For a year we medicating our son with the stimulant Adderall, after an ADD diagnosis, to try and make him better able to successfully navigate and perform in the conventional academic environments of his middle school, but eventually realizing that we were instead dishonoring and disrespecting who he was.

Our son Eric had always had a crisp and incisive mind, but like me he seemed to be “right brained”, that is he was highly creative and his thinking process were very non-linear, his mind taking off in several directions at once based on any stimulus. That mind served him well in all his venues – including home, travel, preschool and early elementary school – for the first seven years of his young life. He actively pursued areas of interest, enjoyed the wisdom of others, absorbed and synthesized huge amounts of information and experience, and was a joy to the adults – parents (most of the time), relatives and teachers – that he interacted with.
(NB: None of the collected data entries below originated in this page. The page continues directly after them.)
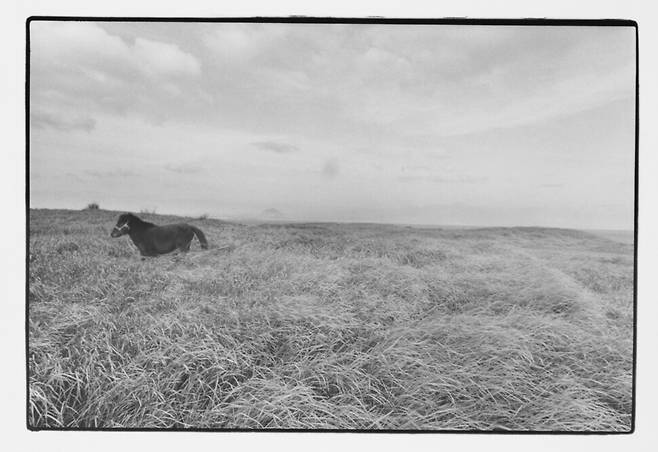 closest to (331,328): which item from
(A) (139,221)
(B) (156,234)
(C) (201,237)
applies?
(C) (201,237)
From my own experience, blessed with this sort of non-linear mind, I approached life generally as one wonderful new experience after another and quickly developed that much prized ability to “think outside the box”. The downside was that my ability to “think in a straight line” was limited and tenuous, and easily disrupted by any form of anxiety, including boredom. To this day I have never been able to keep my personal calendar in my head, and easily forget critical appointments if I don’t write them down and frequently consult that written record.

I was able to navigate and survive my own school experience, given my non-linear mind, because I had grown up in the 60’s and early 70’s, before parents and our public education system had become obsessed with competitive academic performance (measured by narrow, quantified assessment) and the homework-focus and state mandated curriculum and teaching methods that went with it. My elementary school was often interesting, and when it was not, my shyness and basic fear of confronting adults kept me with the program. In junior high and high school, though I had my fair share of classes that were mind-numbingly boring, I always was lucky to have at least one teacher that was interesting and provocative, and kept my school day from seeming completely worthless.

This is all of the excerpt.